PNB Housing shares doubled to Rs 880 per share on June 7, from Rs 437 apiece on May 28, the day before the deal was announced. The stock surged 20 per cent on the day the deal was announced and continued to rise as traders priced in Carlyle’s deep pockets and Puri’s possible entry into the company.

“The fact that PNB could not invest meant it had to dilute its stake, which is what has happened. Everything was clear but the rise in PNB Housing’s share price made it look undervalued,” the person cited above said.

PNB Housing’s Wait for Capital Gets Longer

The stock has given up some gains due to the uncertainty over the fundraising. It ended at Rs 700 on Friday.
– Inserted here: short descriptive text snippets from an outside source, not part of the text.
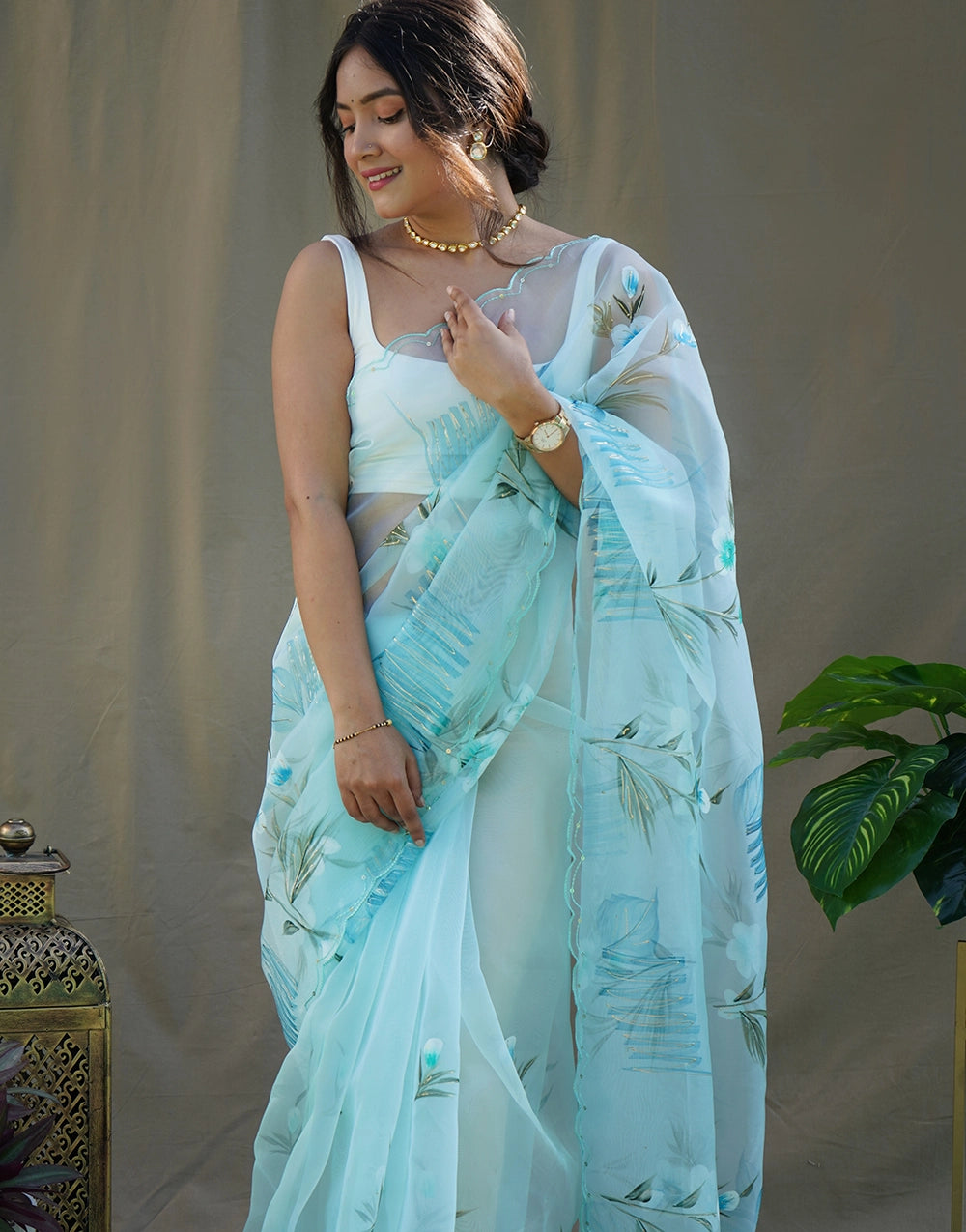 New Light Blue Color Organza Floral Hand Print Work
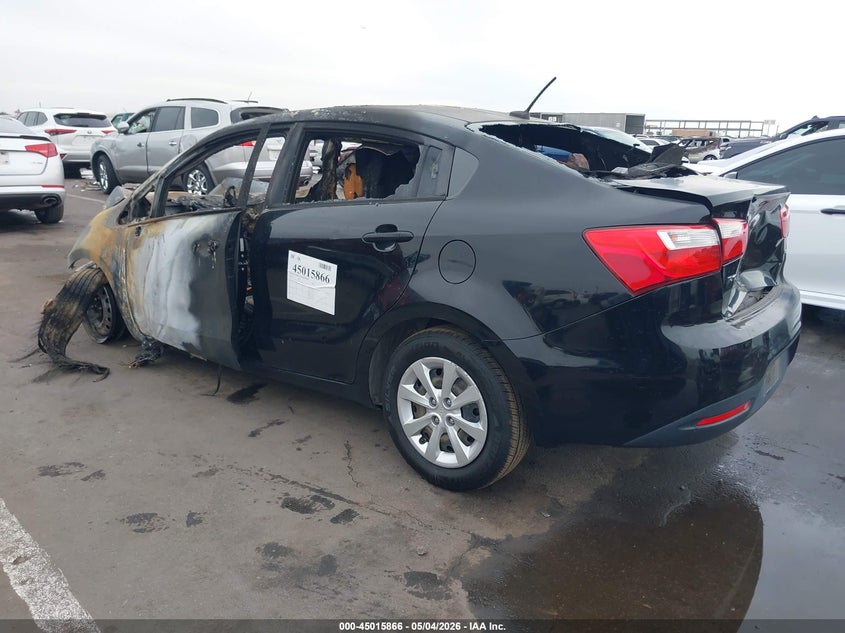 2013 Kia Rio VIN KNADM4A35D6219090 IAAI salvage auction — EXTERIOR BURN, Non-Repairable (Arizona), sold $225 on 2026-07-07 (photo 3)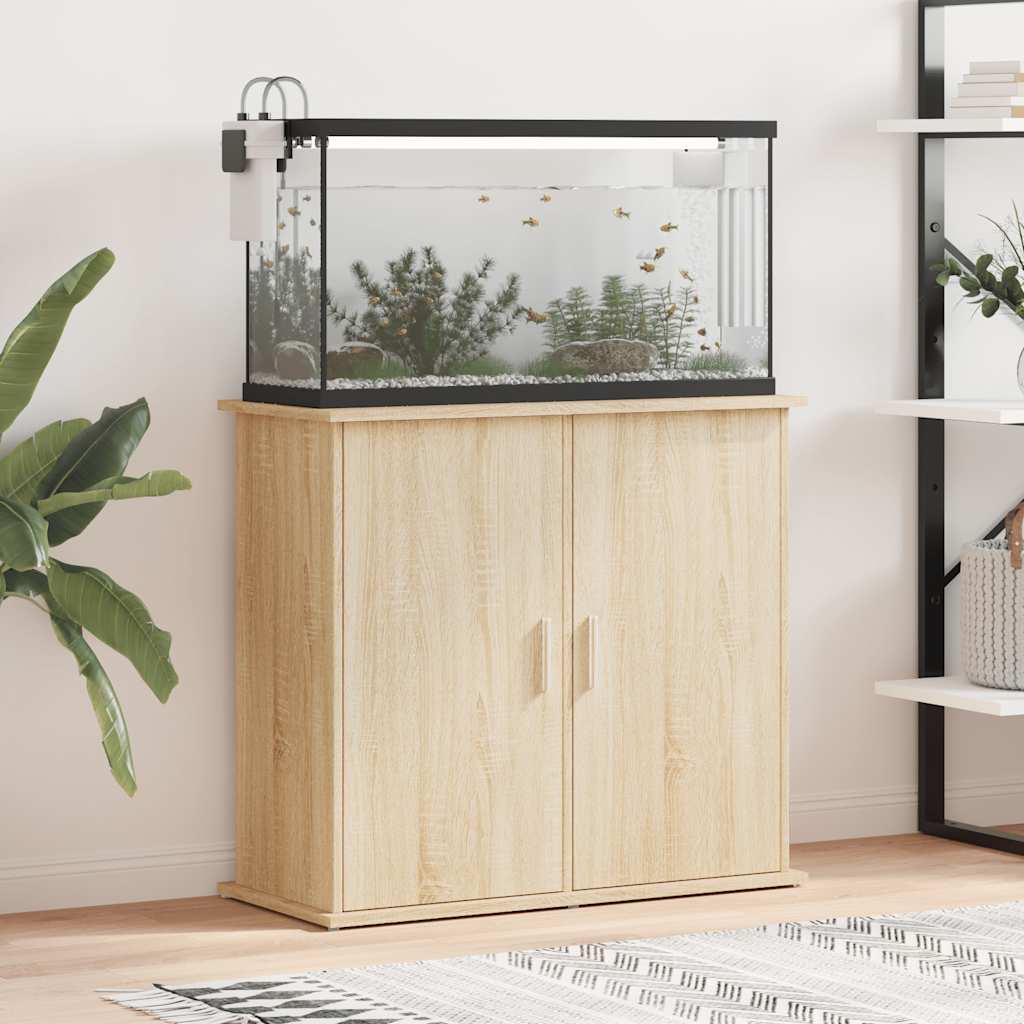 akvariestativ Sonoma eg 81x36x73 cm konstrueret træ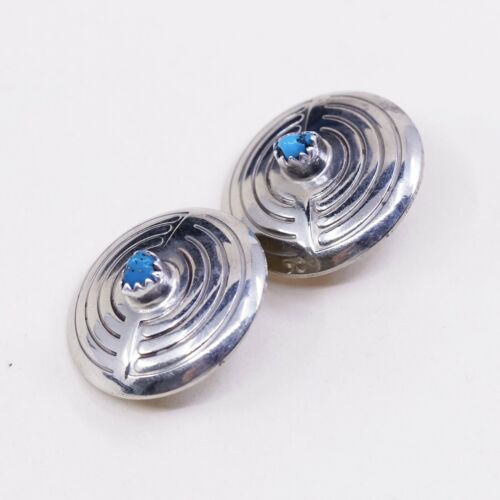 Vintage Sterling Silver Handmade Earrings, Navajo 925 Ribbed Studs W/ Turquoise
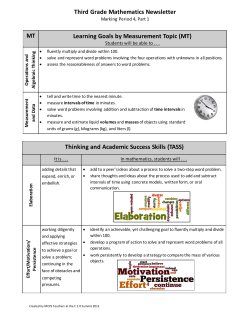 Parent Newsletter: Math Quarter 4, Part 1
Proxy advisory firm Stakeholders Empowerment Services (SES) was the first to raise a red flag over the deal terming it legally non-compliant, with governance issues and fairness concerns. It asked investors to vote against the proposal.
The most critical point is the price at which Carlyle and Puri would be buying the shares of PNB Housing. While critics say it did not follow the AoA of the company, which prescribes independent valuation, those involved say it was done as per the formula prescribed by the markets regulator Sebi, which stands above the AoA. “While this is not required by law, the company has not disclosed if it has obtained such a valuation report,” said IiAS, a proxy advisor.

While it can be questioned from the governance point of view, it complies with the Sebi formula. The issue price of Rs 390 apiece is above the formula price of Rs 384.6.

The charge that not following AoA led to losses to minority shareholders too may not cut ice as the AoA talks only about valuation but does not prescribe the formula.